ORP Krakowiak (L115)
|This article does not cite any references or sources. (May 2012)|
ORP Krakowiak's artillery turret in action
|Builder:||J.S. White & Co.
Cowes, United Kingdom
|Laid down:||December 5, 1939|
|Launched:||December 4, 1940|
|Commissioned:||May 28, 1941|
|Fate:||scrapped in 1959|
|Class & type:||Hunt (Type II) class destroyer|
|Displacement:||standard: 1,050 t
total: 1,490 t
|Length:||85.0 m (278 ft 10 in)|
|Beam:||9.5 m (31 ft 2 in)|
|Draft:||2.4 m (7 ft 10 in)|
|Speed:||27 knots (50 km/h; 31 mph)|
|Armament:||6 × 102 mm (4.0 in) universal Mk XVI guns
4 × 40 mm (1.6 in) Pom-Pom AA cannons
4 × Oerlikon 20 mm (0.79 in) AA cannons
2 × Lewis machine guns
2 × depth charge launchers
2 × Thornycroft depth charge mortars
110 depth charges
ORP Krakowiak (L115) was a British Hunt II-class destroyer escort, used by the Polish Navy during World War II. Initially built for the Royal Navy, it bore the name of HMS Silverton during British use.
The ship was laid down on December 5, 1939 in J. Samuel White Shipyard in Cowes. Almost a year later it was launched and commissioned by the Royal Navy as HMS Silverton. However, it never entered service in the British naval forces due to lack of experienced crews. Instead, on April 20, 1941 she was leased to the Polish Navy. Officially commissioned on May 22 of that year, she was renamed to ORP Krakowiak, after either a folk dance from Kraków or an inhabitant of that city.

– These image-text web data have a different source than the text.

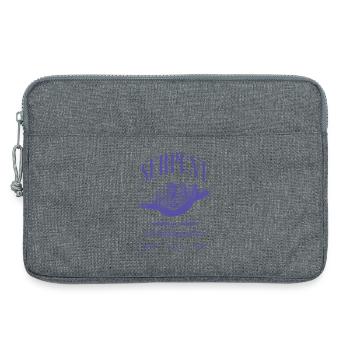 Green Tree Python Modern Reptile Keeper Streetwear - Laptoptasche 13" - Grau meliert - Vorne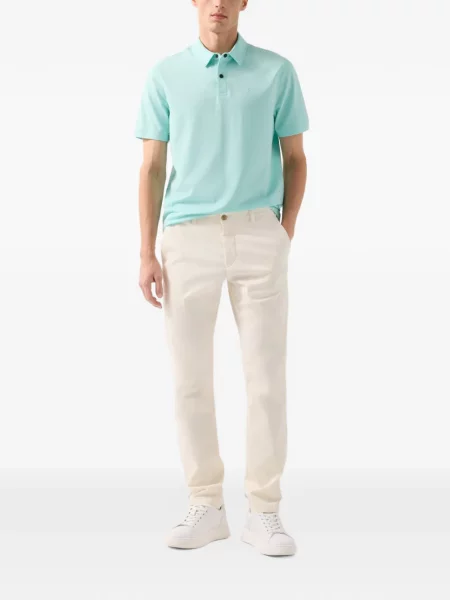 Tricou polo Bogner cu imagine albastru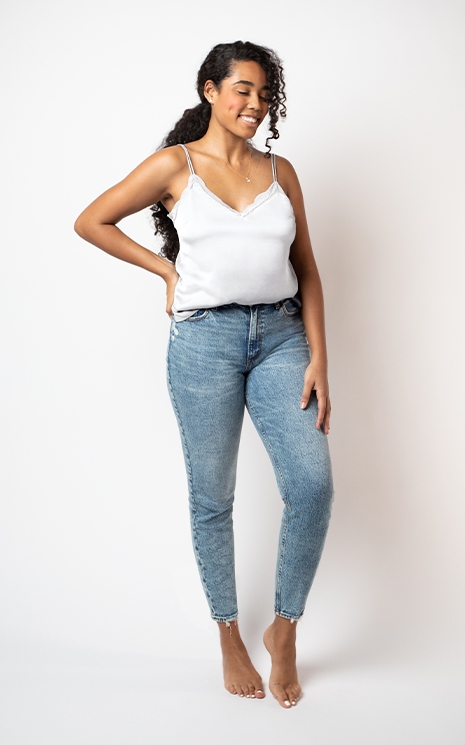 abercrombie cropped jeans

As she was the first ship of her class to be handed to the Poles, until July 10, 1941, her crew spent most of their time training and getting to know the ship. After that date she entered line service in convoy escort role in the North Atlantic. In December of that year she was among the ships to take part in the successful raid against a German naval outpost at Lofoten islands. Throughout the war she also patrolled the North Sea, often engaging in skirmishes with German torpedo boats. In 1943 she was moved to the Mediterranean, where she took part in, among others, the Operation Husky, the Allied invasion of Sicily, and later in the Dodecanese Campaign. Altogether, during World War II she crossed more than 146,000 nautical miles (270,000 km) escorting 206 different convoys, including 9 in the North Atlantic. She downed three enemy planes, but the number of enemy vessels sunk is unclear.
After the Allied powers withdrew their support for the Polish government, on September 28, 1946 the ship was decommissioned by the Polish Navy and returned to the British, who commissioned it under its original name. Instantly demobilized, it was reclassified as a frigate and given a new number - F 55. Serving in only rare cases, she spent most of the time in docks, preserved as part of the Reserve Fleet. As such she represented the Reserve Fleet during Queen Elizabeth's coronation celebrations in Spithead in July 1953. In 1959 she was finally decommissioned and sold for scrapping.